Action item:
The reply must repeat each entry exactly and contain no pictures.

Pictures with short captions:

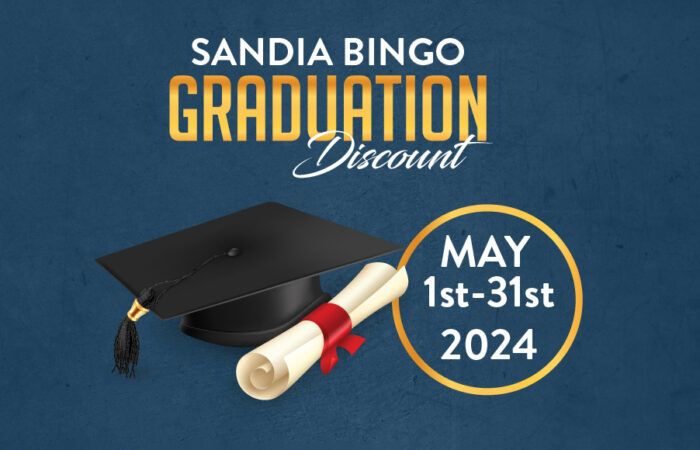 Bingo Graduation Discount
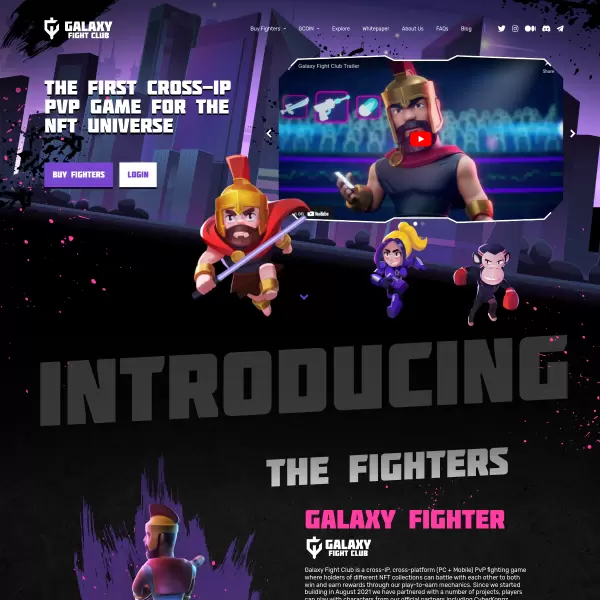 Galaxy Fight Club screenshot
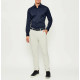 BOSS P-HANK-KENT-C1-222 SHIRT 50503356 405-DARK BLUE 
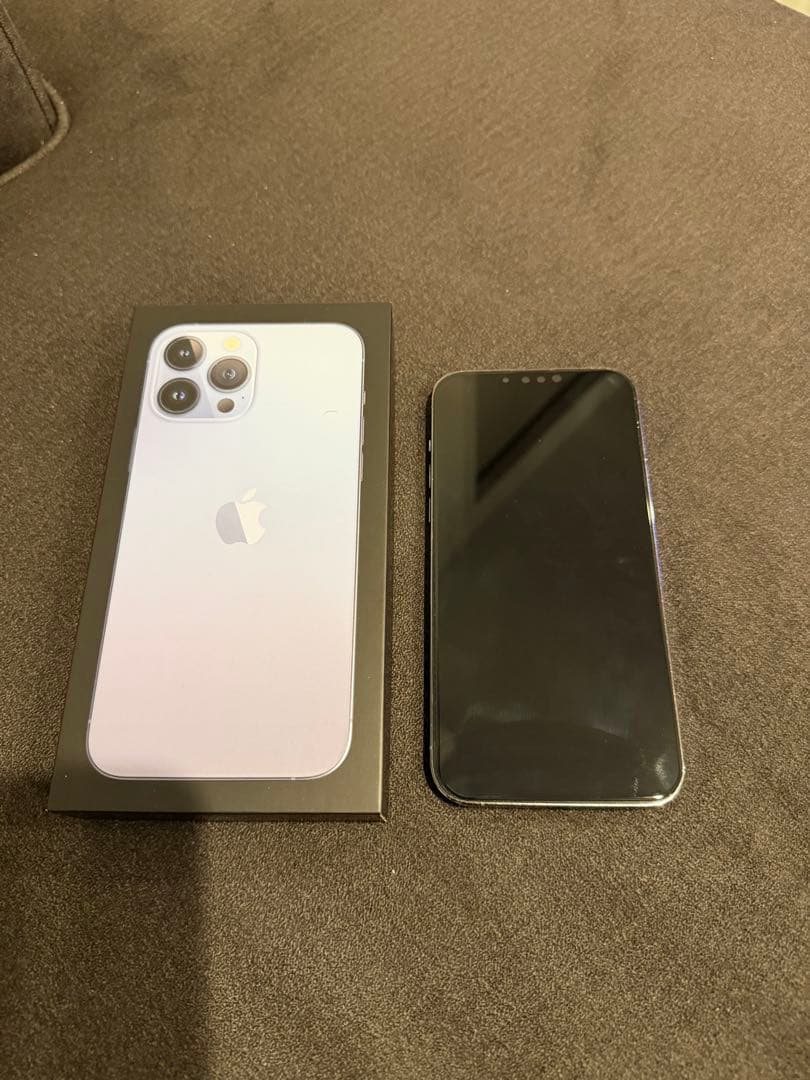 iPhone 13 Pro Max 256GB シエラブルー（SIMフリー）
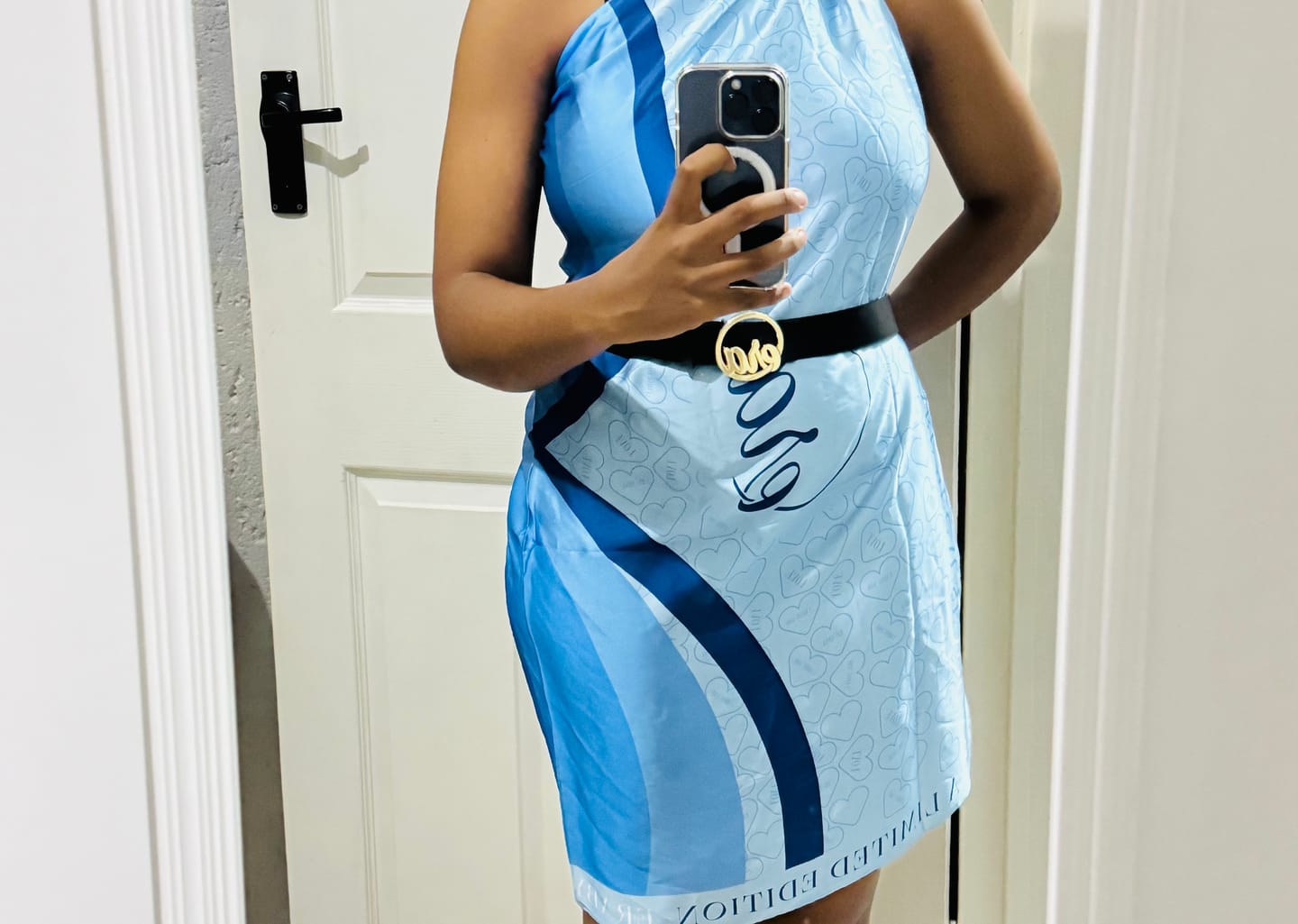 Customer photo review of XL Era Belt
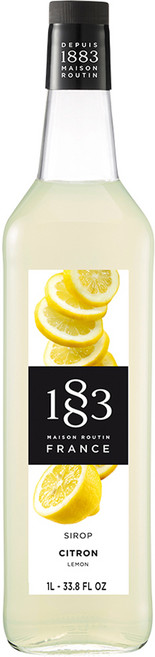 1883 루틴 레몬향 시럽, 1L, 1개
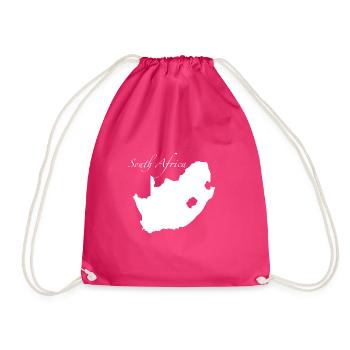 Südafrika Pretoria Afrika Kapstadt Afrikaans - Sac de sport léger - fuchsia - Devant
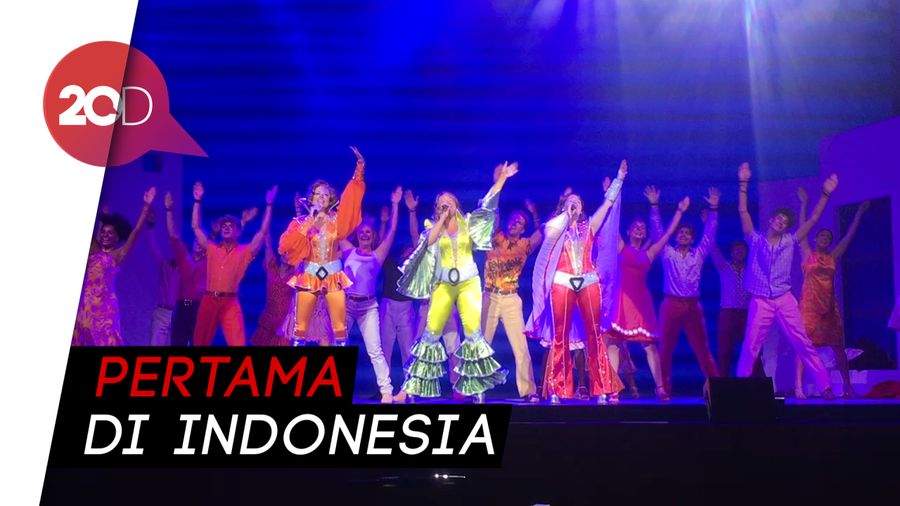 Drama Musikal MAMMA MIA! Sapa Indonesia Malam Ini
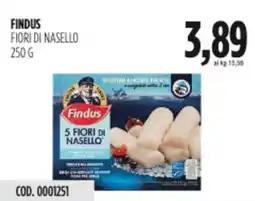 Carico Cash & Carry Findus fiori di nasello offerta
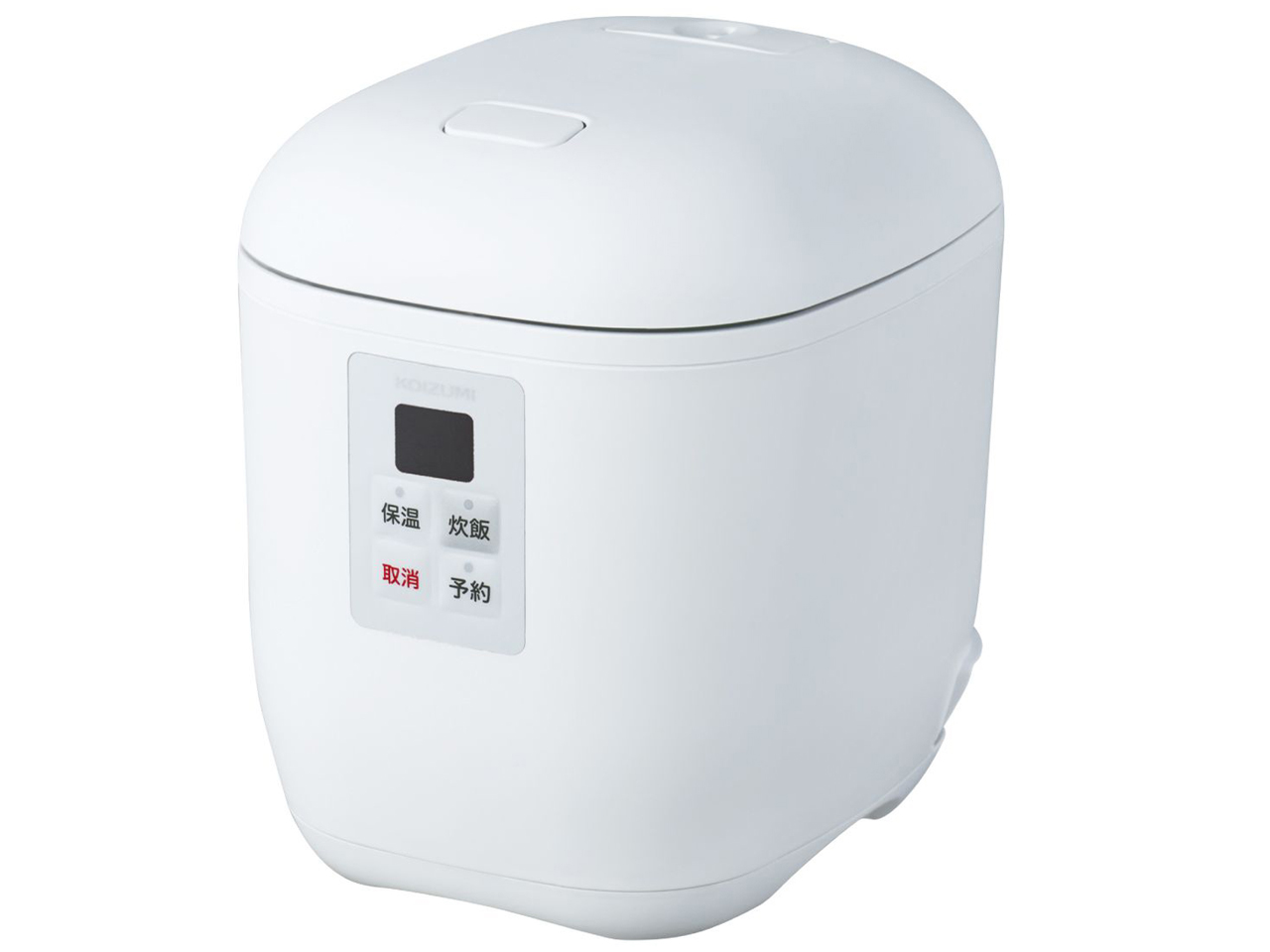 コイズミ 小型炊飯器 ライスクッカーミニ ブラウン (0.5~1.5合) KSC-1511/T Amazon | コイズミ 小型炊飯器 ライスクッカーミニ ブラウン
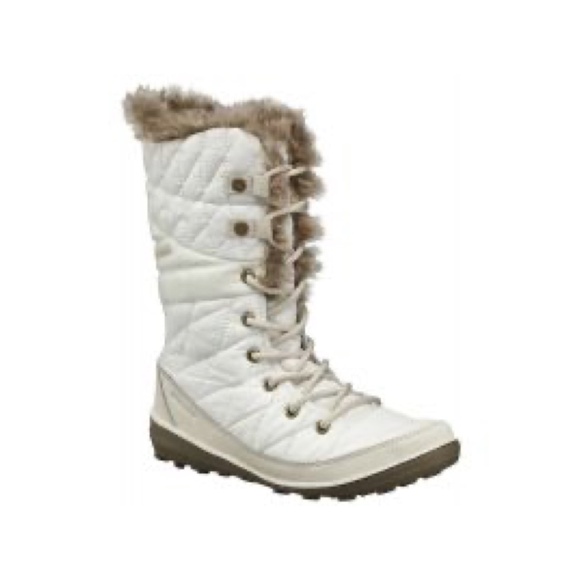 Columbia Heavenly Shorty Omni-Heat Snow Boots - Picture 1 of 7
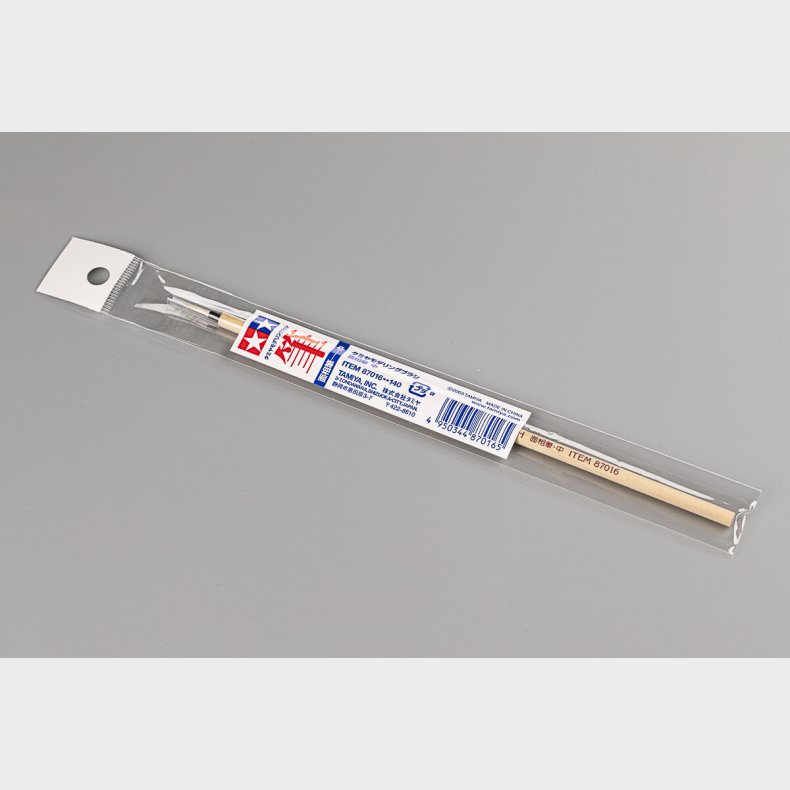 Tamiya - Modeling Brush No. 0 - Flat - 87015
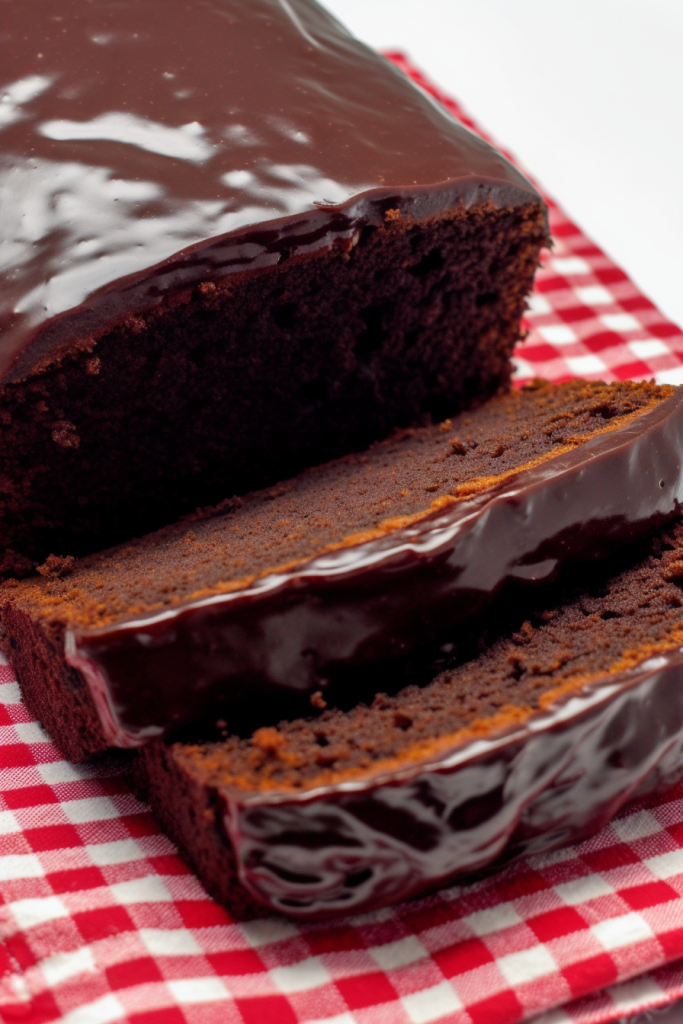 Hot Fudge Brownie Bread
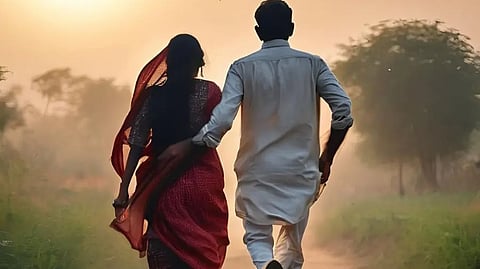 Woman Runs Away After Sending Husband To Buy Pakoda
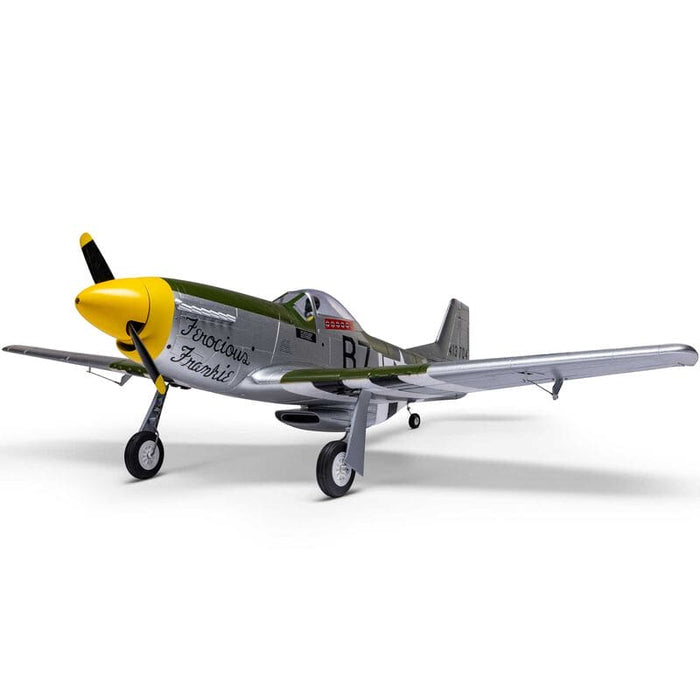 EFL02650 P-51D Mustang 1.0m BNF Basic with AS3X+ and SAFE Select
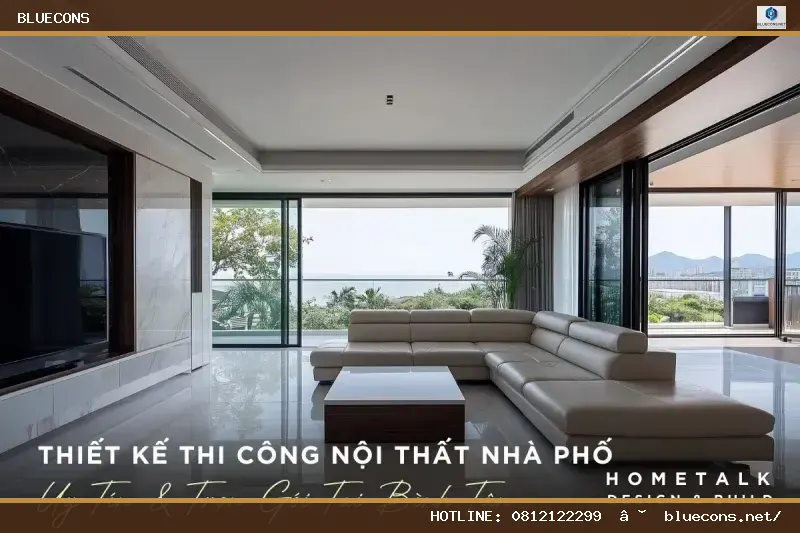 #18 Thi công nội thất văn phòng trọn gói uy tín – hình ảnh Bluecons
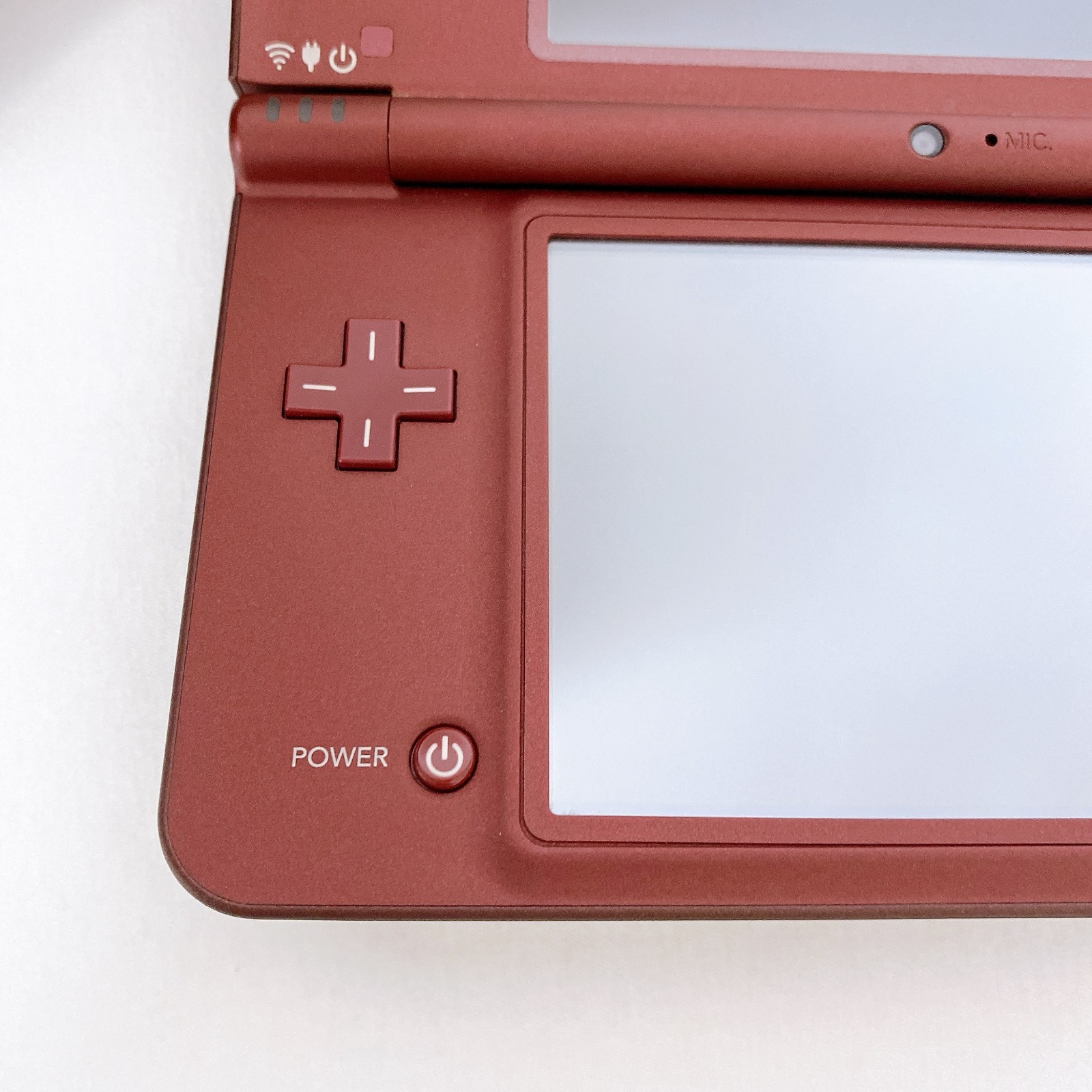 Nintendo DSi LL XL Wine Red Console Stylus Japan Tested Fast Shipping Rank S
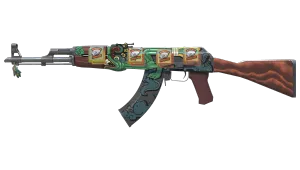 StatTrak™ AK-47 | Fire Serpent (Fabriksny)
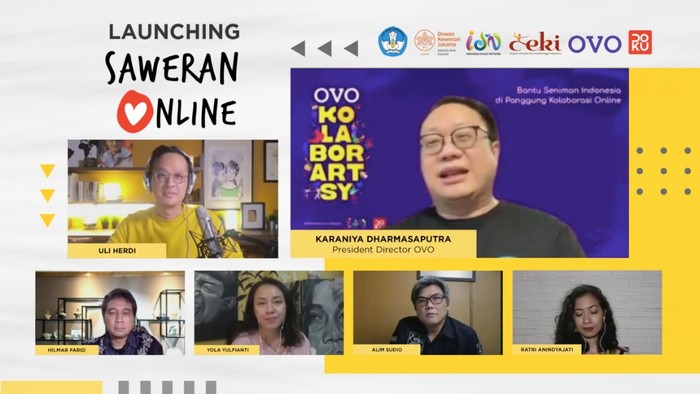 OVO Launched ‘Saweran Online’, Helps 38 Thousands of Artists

Response to the task:
 Bingo Graduation Discount
 Galaxy Fight Club screenshot
 BOSS P-HANK-KENT-C1-222 SHIRT 50503356 405-DARK BLUE 
 iPhone 13 Pro Max 256GB シエラブルー（SIMフリー）
 Customer photo review of XL Era Belt
 1883 루틴 레몬향 시럽, 1L, 1개
 Südafrika Pretoria Afrika Kapstadt Afrikaans - Sac de sport léger - fuchsia - Devant
 Drama Musikal MAMMA MIA! Sapa Indonesia Malam Ini
 Carico Cash & Carry Findus fiori di nasello offerta
 コイズミ 小型炊飯器 ライスクッカーミニ ブラウン (0.5~1.5合) KSC-1511/T Amazon | コイズミ 小型炊飯器 ライスクッカーミニ ブラウン
 Columbia Heavenly Shorty Omni-Heat Snow Boots - Picture 1 of 7
 Tamiya - Modeling Brush No. 0 - Flat - 87015
 Hot Fudge Brownie Bread
 Woman Runs Away After Sending Husband To Buy Pakoda
 EFL02650 P-51D Mustang 1.0m BNF Basic with AS3X+ and SAFE Select
 #18 Thi công nội thất văn phòng trọn gói uy tín – hình ảnh Bluecons
 Nintendo DSi LL XL Wine Red Console Stylus Japan Tested Fast Shipping Rank S
 StatTrak™ AK-47 | Fire Serpent (Fabriksny)
 OVO Launched ‘Saweran Online’, Helps 38 Thousands of Artists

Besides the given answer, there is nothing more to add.